C.difficile produces two different toxins that constitute the essential virulence factors for CDI induction. Recent investigations have proven that each of the two alone will induce disease in hamsters. C.difficile infection is considered responsible for approximately 25% of the diarrhoea incidents related to the consumption of antibiotics such as clindamycin, second and third generation cephalo sporins, gyrase-inhibitors, ampicillin or amoxicillin. In addition to the diarrhoea symptoms, the disease can lead to pseudo-membranous colitis (PMC), requiring urgent treatment with antibiotics effective against C.difficile and which, without treatment, may severely compromise the life of the patient. CDI mortality can be as high as 6% to 30%, particularly when the patient suffers from PMC. Patients suffering from CDI induced by previous treatment can lead to an increased hospital stay of 6-10 days at an additional cost of 6,000-8,000 Euro.
Principle Of The Test
Rapid C.difficile Toxin A+B test employs a combination of:
1) Red latex particles conjugated to a specific toxin A antibody that cooperates with another antibody specific for toxin A and that is located on the membrane, below the control band.

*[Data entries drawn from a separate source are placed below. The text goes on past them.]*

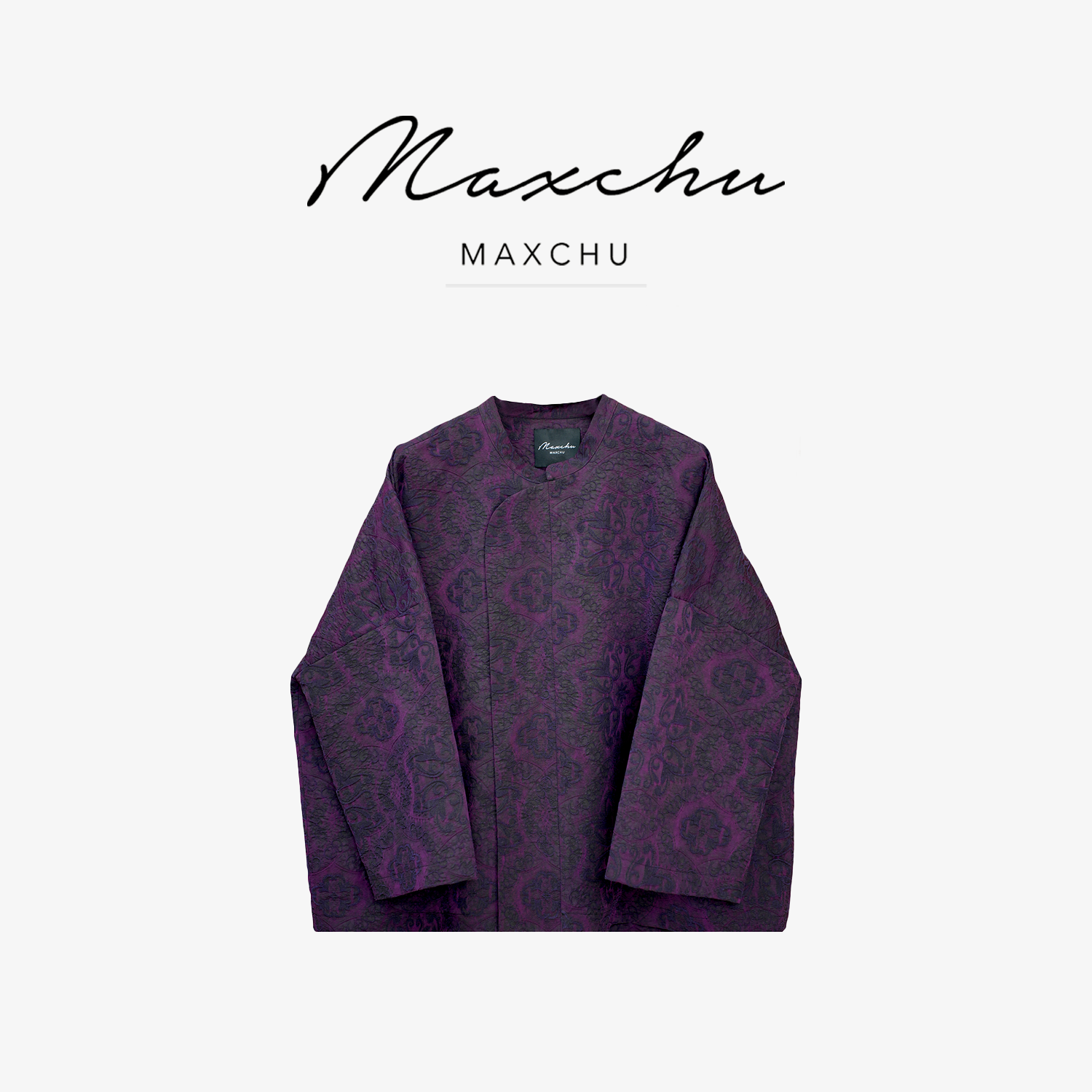 MAXCHU|【2025秋冬】中式休闲提花油丝真丝外套/半裙（高定限量款）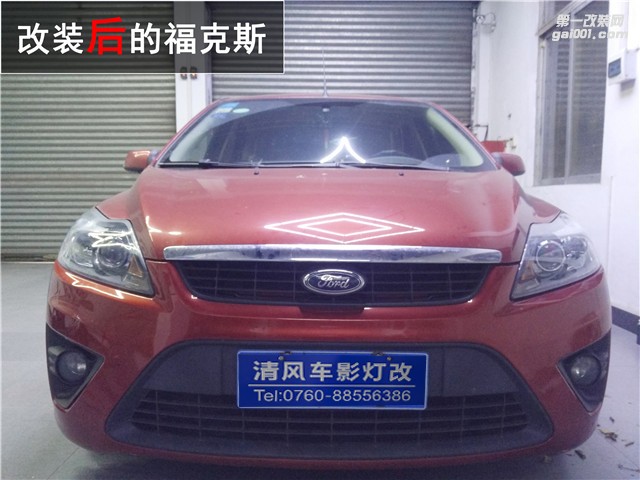 福特?？怂股壓＠咫p光透鏡 效果對比驚人 炫酷惡魔眼升級——中山清風車影燈改
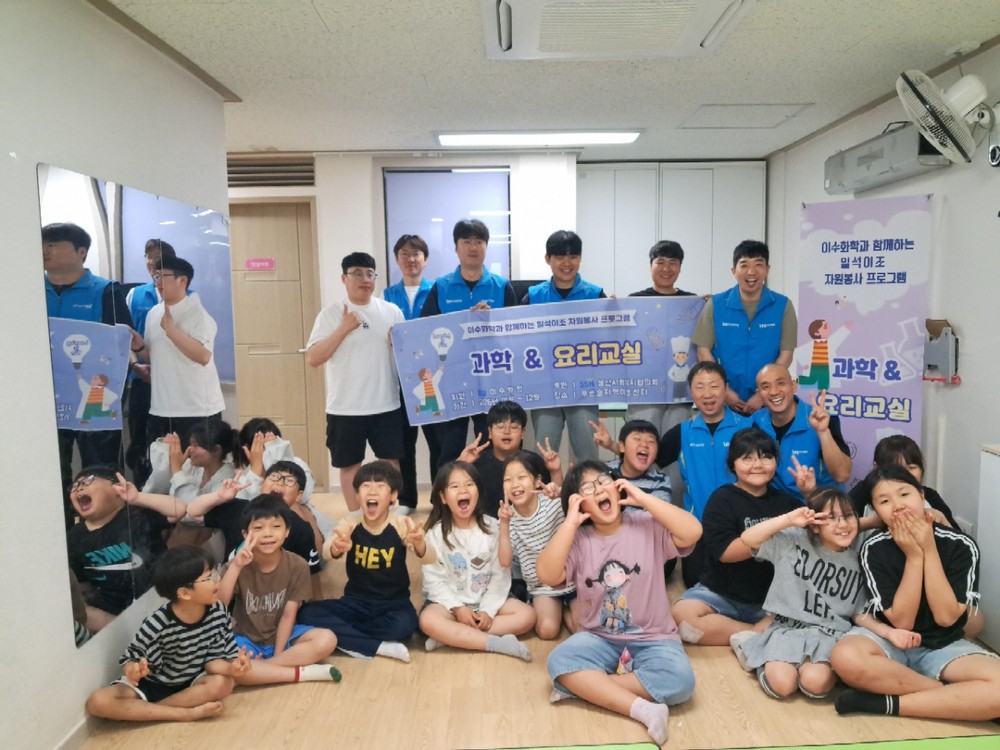 이수화학 일석이조 자원봉사프로그램, 과학&요리교실로 푸른솔지역아동센터 아동들의 창의력과 꿈을 키우다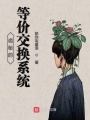 詭秘的等價交換系統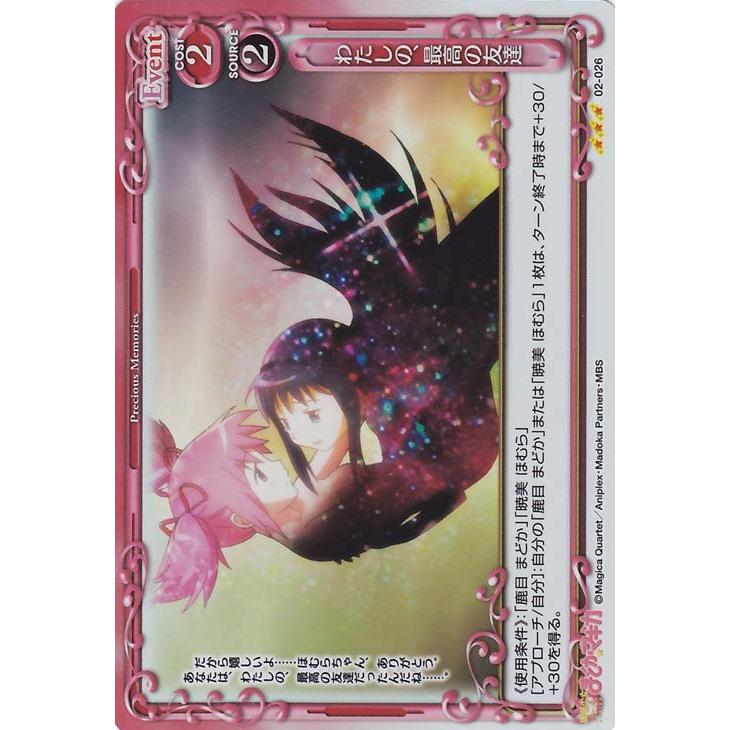 プレシャスメモリーズ わたしの 最高の友達 H 魔法少女まどか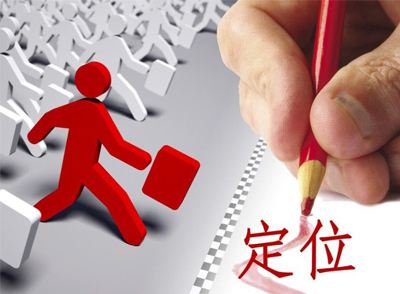 個人站長互聯網創(chuàng)業(yè)的十大網站定位方向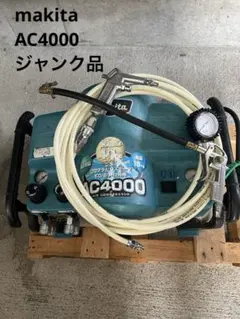 2026年最新】ac4000 マキタの人気アイテム - メルカリ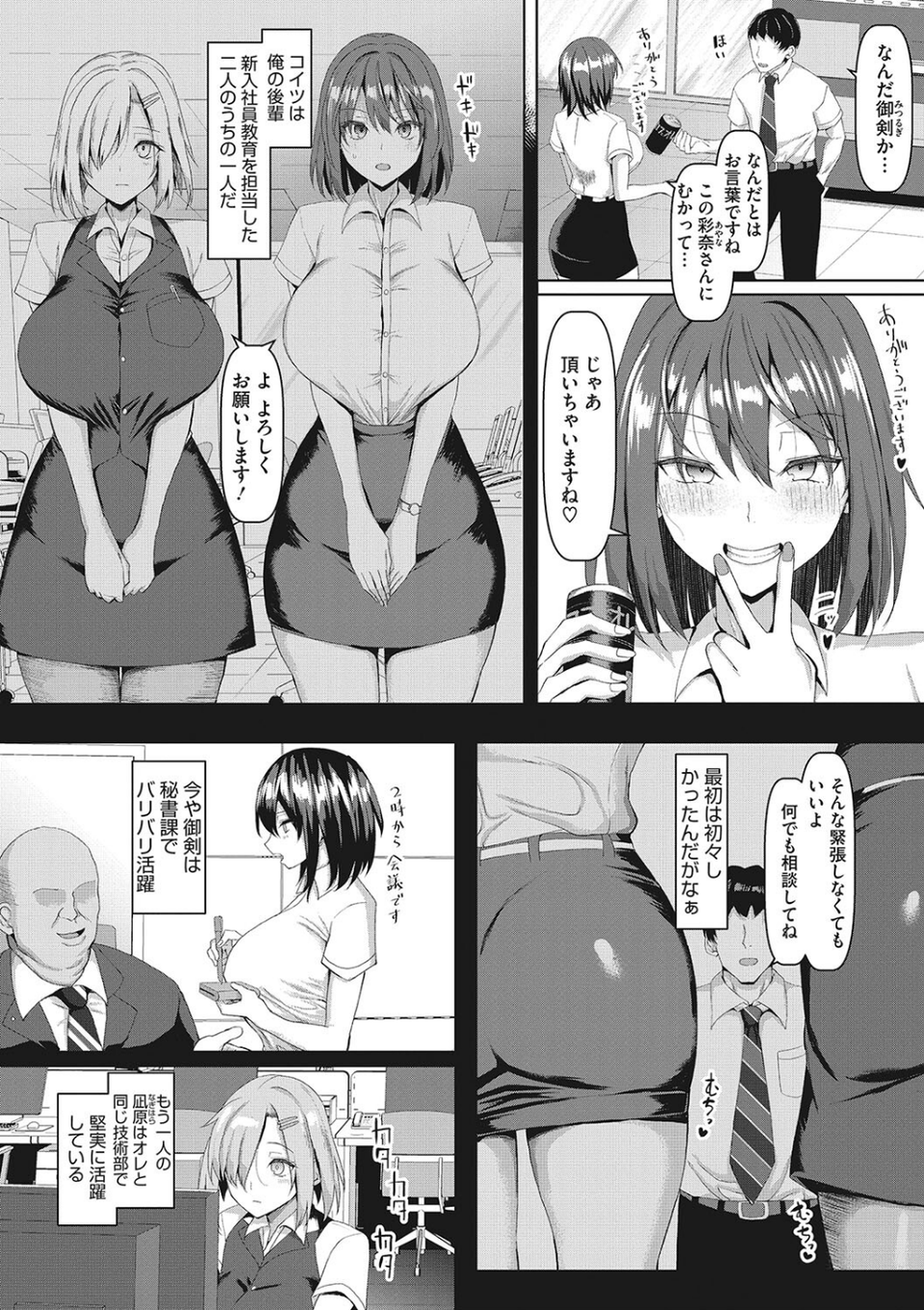 マゾメスソープで逢いましょう！ 4 ページ目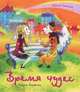 Время чудес, Семина Ирина Константиновна 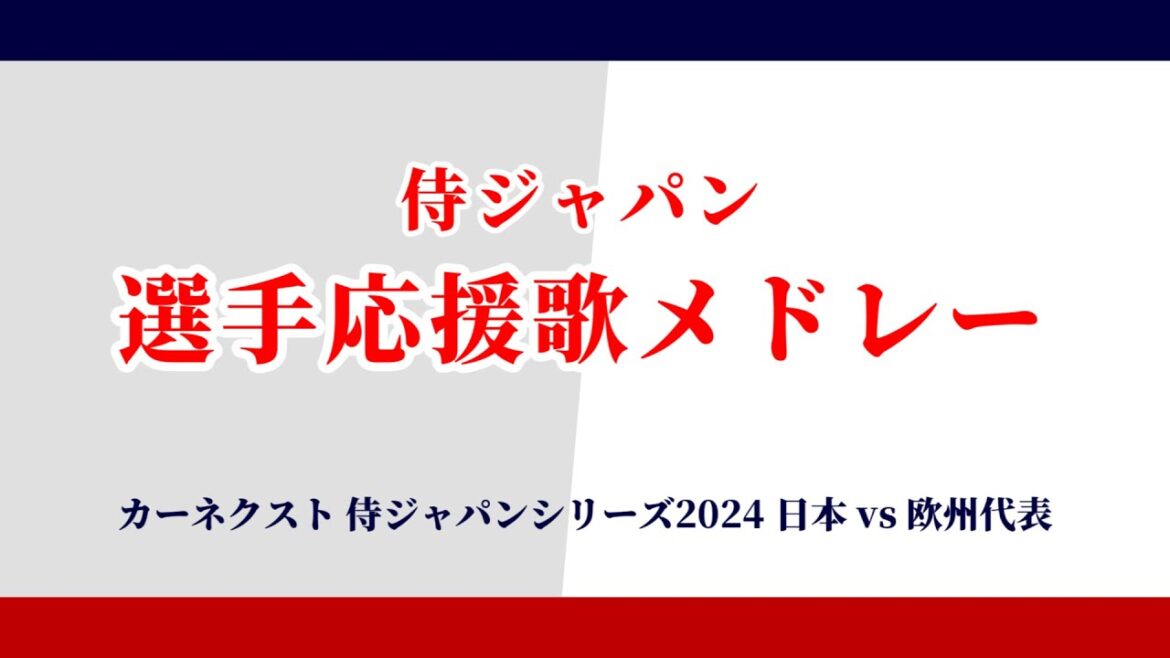 [強化試合欧州戦]侍ジャパン全選手応援歌メドレー[MIDI]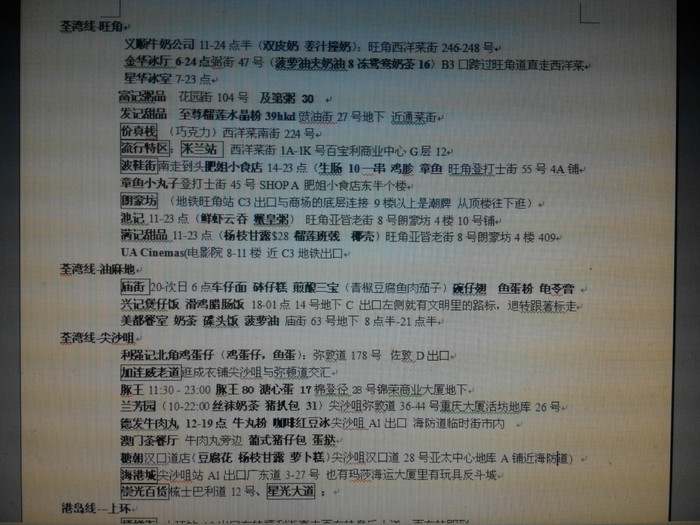 西贡地图人口_香港西贡郊野公园地图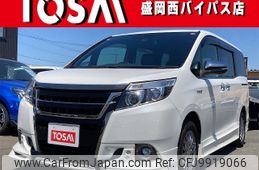 toyota esquire 2016 -TOYOTA--Esquire DAA-ZWR80G--ZWR80-0175588---TOYOTA--Esquire DAA-ZWR80G--ZWR80-0175588-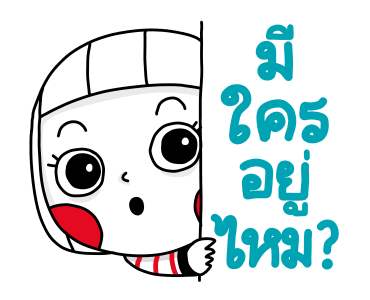 ลายที่ 33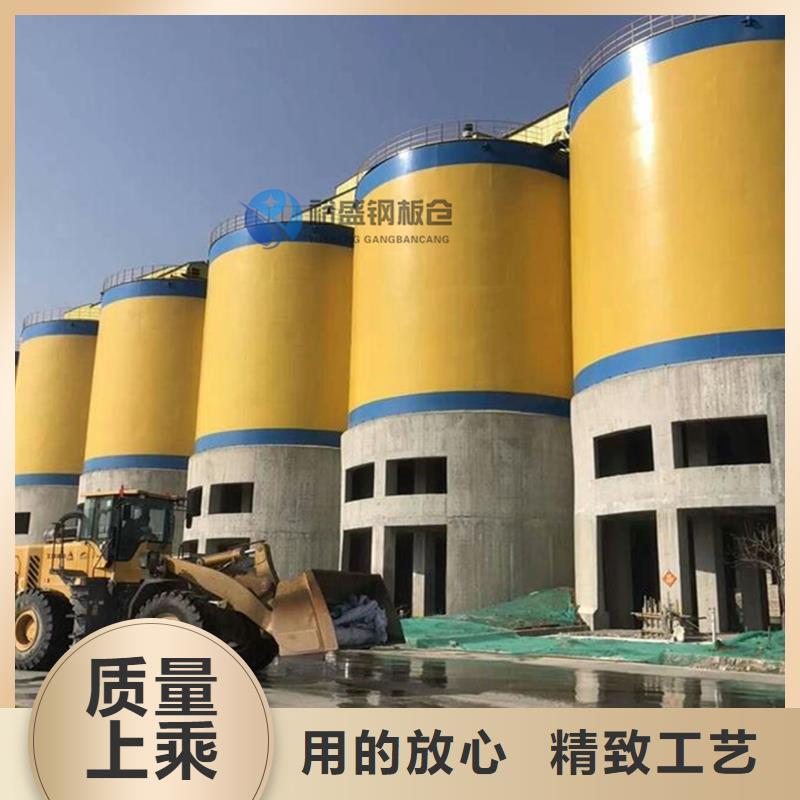 聊城钢板仓施工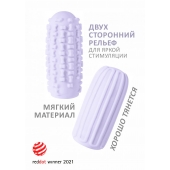 Сиреневый мастурбатор Marshmallow Maxi Syrupy - Lola Games - в Кисловодске купить с доставкой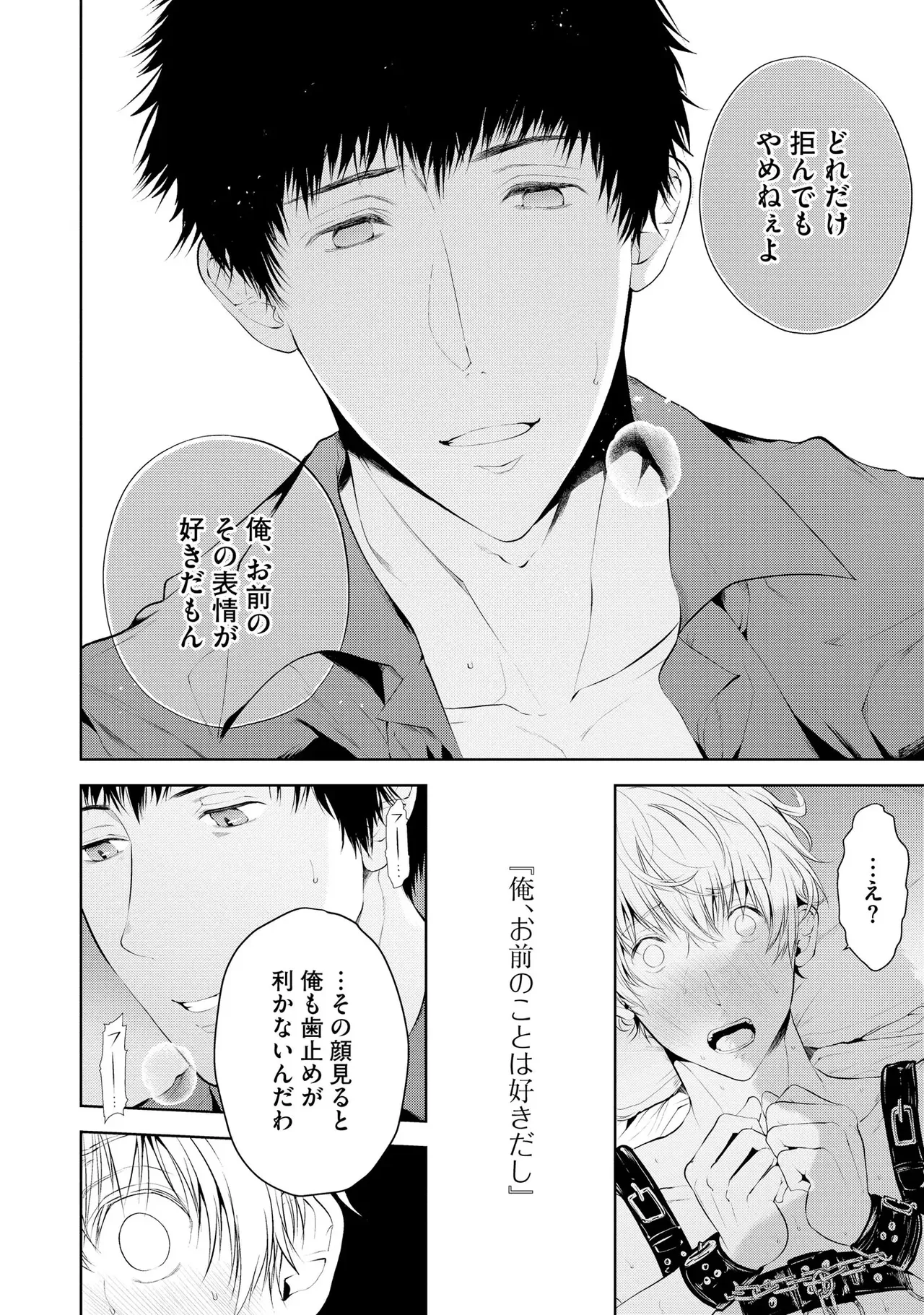 หน้า 116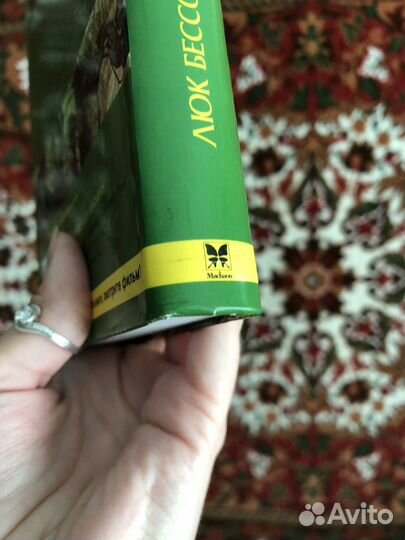 Книга Люка Бессона 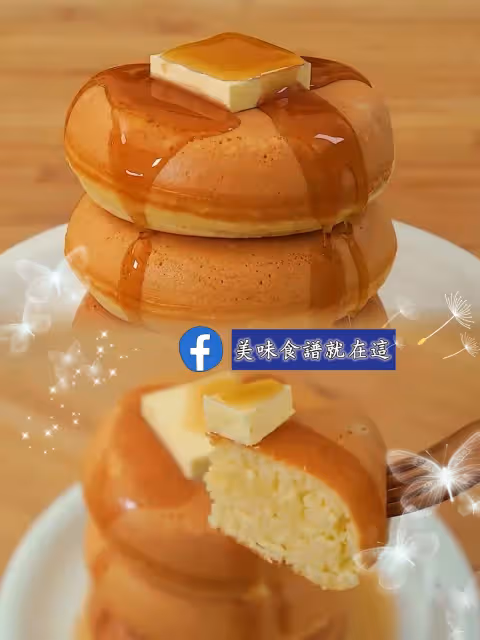 免烤版,五分鐘搞定鬆餅🥞軟糯香甜,完美早餐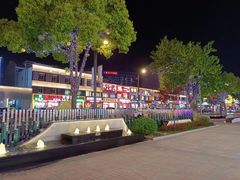 -捞神煲汤火锅(湖滨商业街店)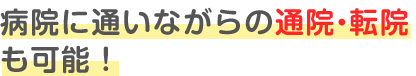 通院や転院、併用も可能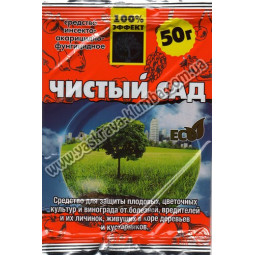 Чистый сад 50 г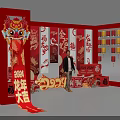 Red 2024 Year of the Dragon Photo Check-in Spot With Lion Dance Heads And Couplets
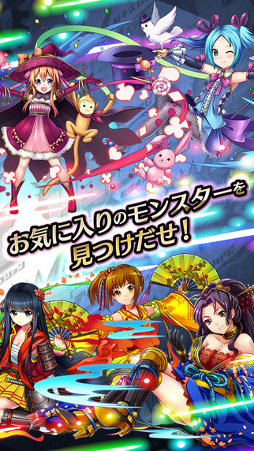 ビタオシコレクション7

2) Other red latex particles conjugated to a specific toxin B antibody that cooperates with another specific toxin B antibody that is located on the membrane, above the control band.
3) Blue latex particles conjugated to an antigen recognised by an antibody specific for that antigen and bound to the membrane, serving as the control band test. To run the test, the sample is first treated with a sample diluent buffer (provided in the kit) that extracts the toxins from the stool matrix. Following extraction, an aliquot of the supernatant needs to be added to the test strip by a 15 minute wait. When the extract flows through the test membrane, the coloured particles begin to migrate. In the event of a positive sample, the specific antibodies on the membrane will capture antigen-covered coloured particles. The pattern of lines obtained after 15 minutes of incubation at room temperature are used to interpret the result.